Legal Question in Real Estate Law in California
In ca., usa, if you walk away from an upside-down mortgage, will mortgagor sue you to recover lost money?
3 Answers from Attorneys
First, let's be clear about the terms. The "mortgagor" is the borrower. The lender, or party holding the mortgage as security, is the "mortgagee."
Next, in California, true mortgages are rarely used. Borrowers generally make a promissory note, which is secured by a "deed of trust." The practical differences between them are, nowadays, very slight, but historically they were quite different as to the means of foreclosure and other aspects. It is very common for both borrowers and lenders to talk about a mortgage when in fact it is a note and deed of trust.
In California, if a borrower stops paying and the lender (or current beneficiary of the note and deed of trust) decides to foreclose, it will usually do so by having a trustee sell the property under a provision of the trust deed called a "power of sale." Such sales are commonly referred to as foreclosure sales, although in a super-strict technical sense a trustee's sale is not a true foreclosure. After such a sale, the foreclosing lender may not seek to recover any shortfall in the sale proceeds from the borrower. Therefore, the answer to your question is usually no.
The limited circumstances where the lender can come after a borrower for a deficiency in the foreclosure sale proceeds coverage of the outstanding debt are where:
(1) The lender sues for foreclosure in court instead of selling privately through a trustee, and (a) the loan being foreclosed is not purchase-money (i.e., was a refinancing or cash-out loan) or (b) the loan is a junior loan where the lender has lost his security (collateral) through no fault of its own; or
(2) The lender sues the borrower, not for the deficiency itself, but for some kind of tort such as loan-application fraud or deliberate damage to the property.

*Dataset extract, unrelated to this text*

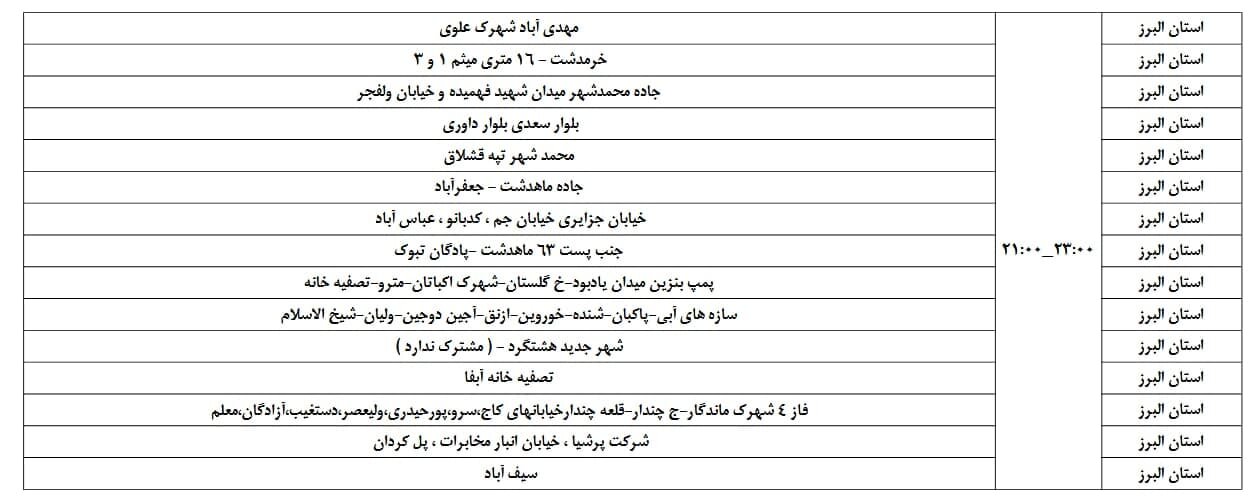 اعلام ساعت خاموشی برق البرز امروز دوشنبه دوم تیر + جدول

There are also some fine points involving whether the property was owner-occupied residential rather than income property, etc., but this will give you a basic idea.
We are also finding that lenders are showing a strong preference for the speed and simplicity of trustee sales rather than going to court to foreclose and then seek a deficiency judgment that they may never be able to collect on because the debtor has no assets, or raises defenses to suit. Even where the lender could go for a deficiency judgment, they often don't. Factors that tend to puch lenders to go after borrowers for deficiencies include the borrower's lack of cooperation, a belief that the borrower has lots of other assets, the borrower's failure to take good care of the property, or where the lender is not a big bank that can absorb the loss, but instead is a relative, a small investment partnership, a trust or pension fund for a small business, or other entity that needs to watch out for every dime.

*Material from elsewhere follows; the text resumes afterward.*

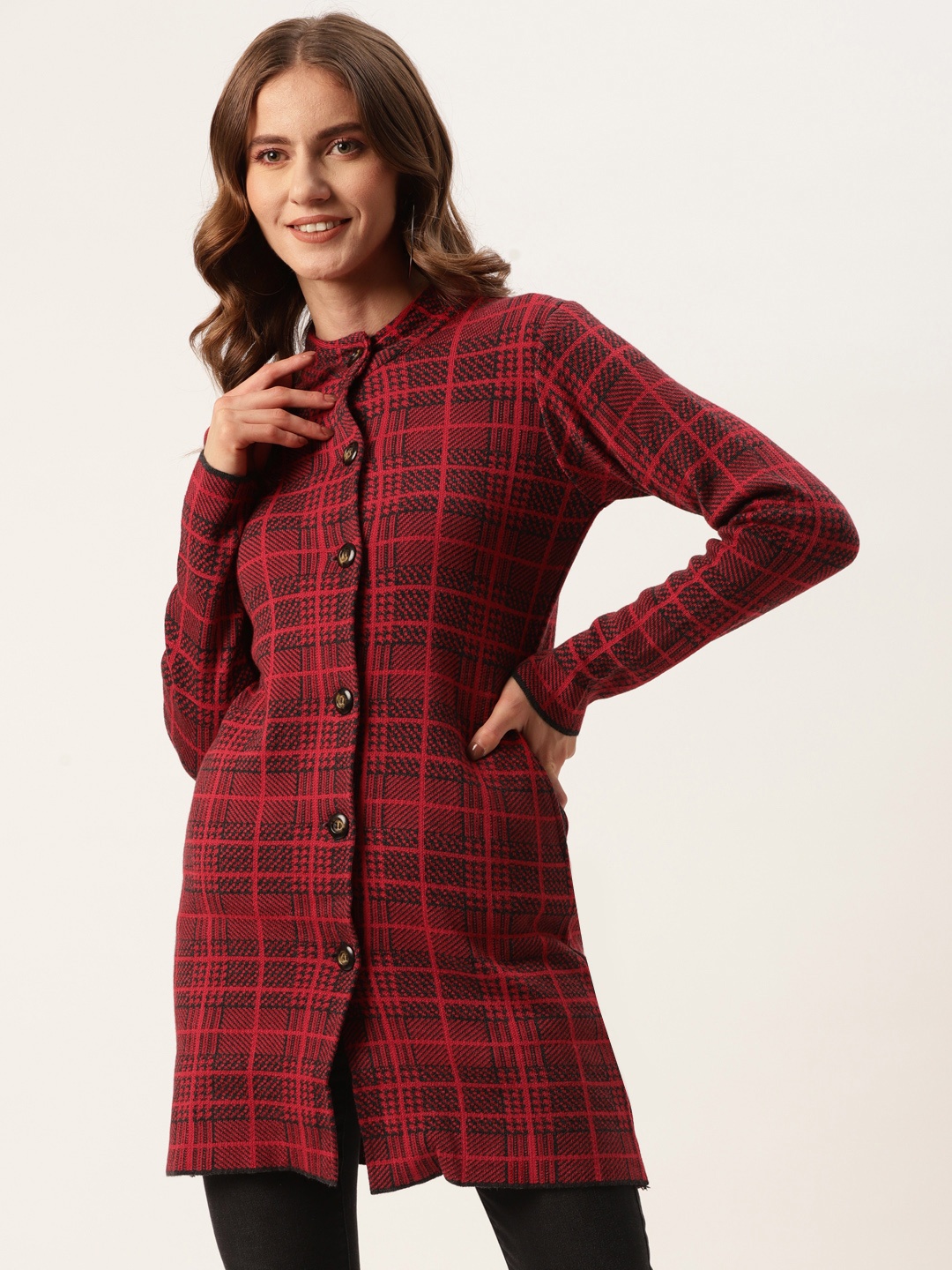 

American Eye Women Red & Black Checked Longline Cardigan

I agree with Mr. Whipple's response, however I note that his statement that lenders are usually only foreclosing through a nonjudicial foreclosure sale only applies in my experience to institutional lenders. I have several cases in my office right now that involve private parties as lenders and they went the court route.
Mr. Whipple and Mr. Roach are both correct. I am prosecuting a judicial foreclosure right now on behalf of a private lender. I would also add that Mr. Whipple is wrong on one point, though it doesn't matter to your question. The California Civil Code provides that all deeds of trust are mortgages as a matter of law.